On 26 October 2015, the keel laying ceremony for the lead ship of the project 42К Arctic Shuttle Tanker being built under the survey of Russian Maritime Register of Shipping (RS) by order of Sovcomflot (SCF Group) was held at Samsung Heavy Industries Co., Ltd., RS said in its press release.
All six ships of the series will be named after the famous Russian explorers of the Arctic, including participants to the Great Northern Expedition of the 18-th century.
The ships are being built to the dual RS/LR class. SCF Group is the shipowner of three tankers of the series.
All tankers of the series are intended for operation in high latitudes at temperatures up to – 45 °С under conditions of year-round navigation. They are designed with due regard to all applicable RS requirements, international regulations and standards.
The ships will provide crude oil transportation from the Gulf of Ob area. Completion of construction and delivery of the prototype ship to a customer is scheduled for late June 2016. It is planned to complete the series construction in 2017.
length – 248.00 m;
breadth – 34.00 m;
depth – 15.00 m;
design draught – 9.50 m;
deadweight – 42 000 t.
RS class notation: KM (*) Arc7 AUT1-ICS OMBO LI CCO ECO-S BWM BLS-SPM Oil Tanker (ESP) CSR.
Survey during construction of a new tanker series is a logical follow-up to the RS participation in the projects for construction of high-tech ships at the shipyards of the Republic of Korea.
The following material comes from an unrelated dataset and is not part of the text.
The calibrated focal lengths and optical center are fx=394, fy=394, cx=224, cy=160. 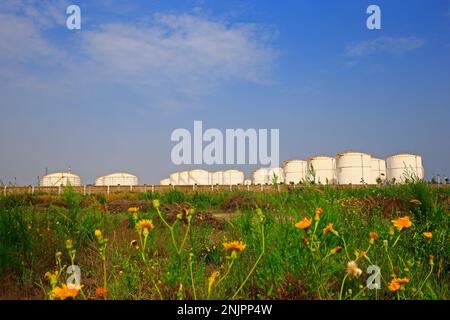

Since opening of the RS Design and Newbuilding Support Centre in Busan in March 2012, series of LPG gas carriers of SIBUR VORONEZH type of 20 600 cub. m capacity and large LNG carriers of VELIKY NOVGOROD type with membrane cargo tanks of 170 000 cub. m capacity have been built with the RS participation.
At present, a series of Arctic LNG carriers capable of operating at temperatures as low as – 50 ̊ С and unassisted breaking of ice up to 2.1 m thick is being built in the Republic of Korea under the RS survey within the frames of Yamal LNG – major Russian LNG production project implemented in the Arctic.